When I look at their entry in the 1900 census, for example, I learn that not only were their children listed with Americanized names—Jan had become the predictable John, and Mieczyslaus was now a more pronounceable Michael—but their surname had been shortened to Lasko. One might almost think the enumerator had given up on completing the surname entry, as in the way he wrote it, there seemed to be a period followed by a long space after Lasko, until I realized that, years later, their son Michael did indeed go by that shortened surname.
Their entry in the 1900 census also put their birthplace as Germany, which technically was what the place was considered to be at that time. But upon reading their stated date of arrival in the United States as 1890, I realized there was yet another census which I could check to see if there was further information: the New York State census taken in 1892.

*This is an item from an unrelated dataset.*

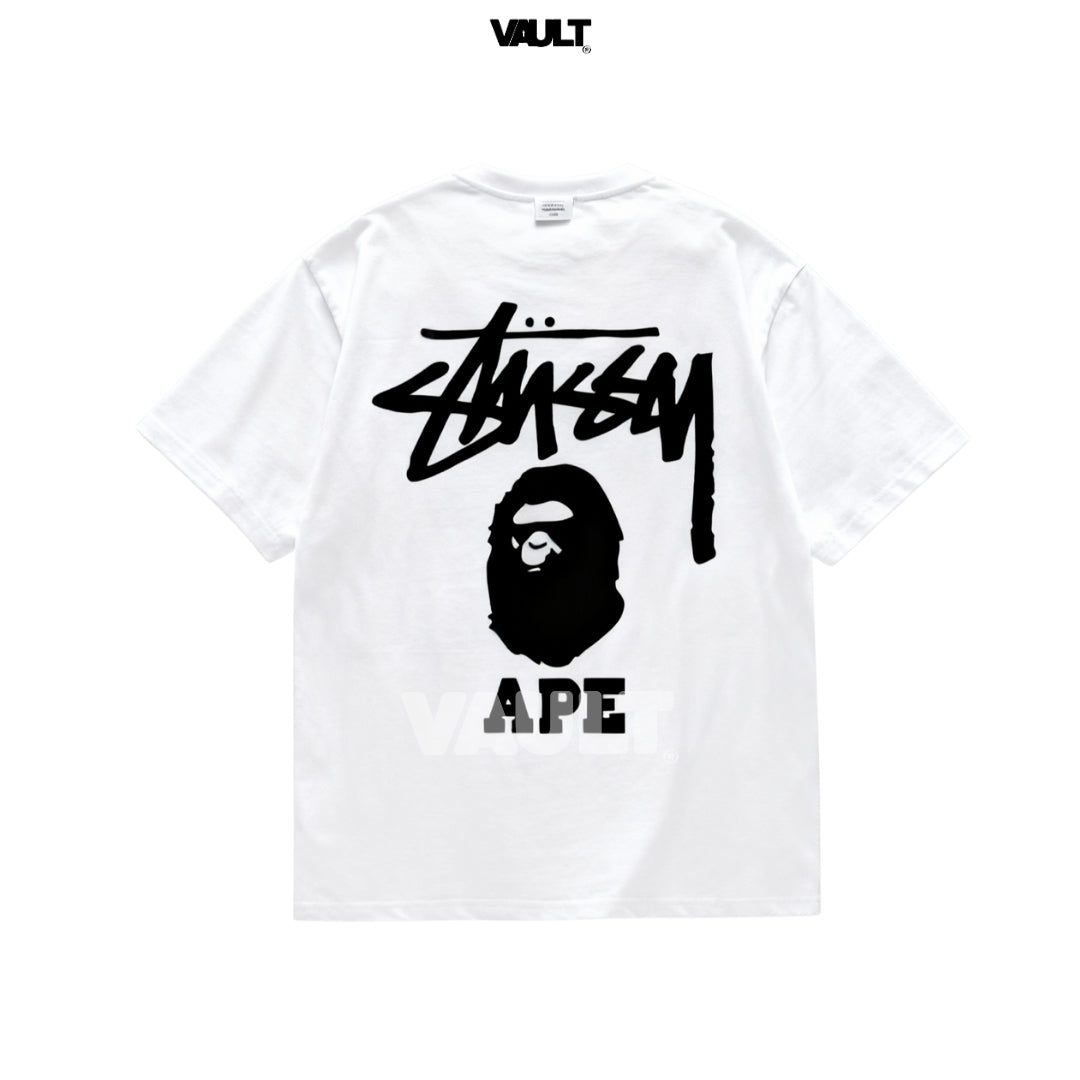 Camiseta Stüssy x BAPE Ape Head Tee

Finding the Laskowskis in that earlier state census, I could also see that they were listed as aliens, not naturalized citizens, from Poland. Yet I also could spot some additional names in the household—names which, perhaps, this time I can track to see whether they lead to collateral lines for Antoni's family back in Żerków. Among those names was someone called Andrew Laskowski—more likely to have been called Andrzej, like Antoni's maternal grandfather, back home in Poland.
This Andrew, listed in 1892 as being twenty six years of age, may well have been born in Żerków, the Laskowskis' home in Poland. You can be sure I'll be following up on that clue later this week, as one of my goals this month is to trace the collateral lines for Antoni's father, Mateusz Laskowski. All I've been able to find, so far, have been the baptismal and death records for his infant sister Antonina Laskowska, whose brief life began and ended in 1821.
Whatever happened to Andrew Laskowski, that extra member of the extended Laskowski household in 1892, I can't say yet, but it may be a productive detour to take, in hopes of discovering more relatives among my great-grandfather's ancestors.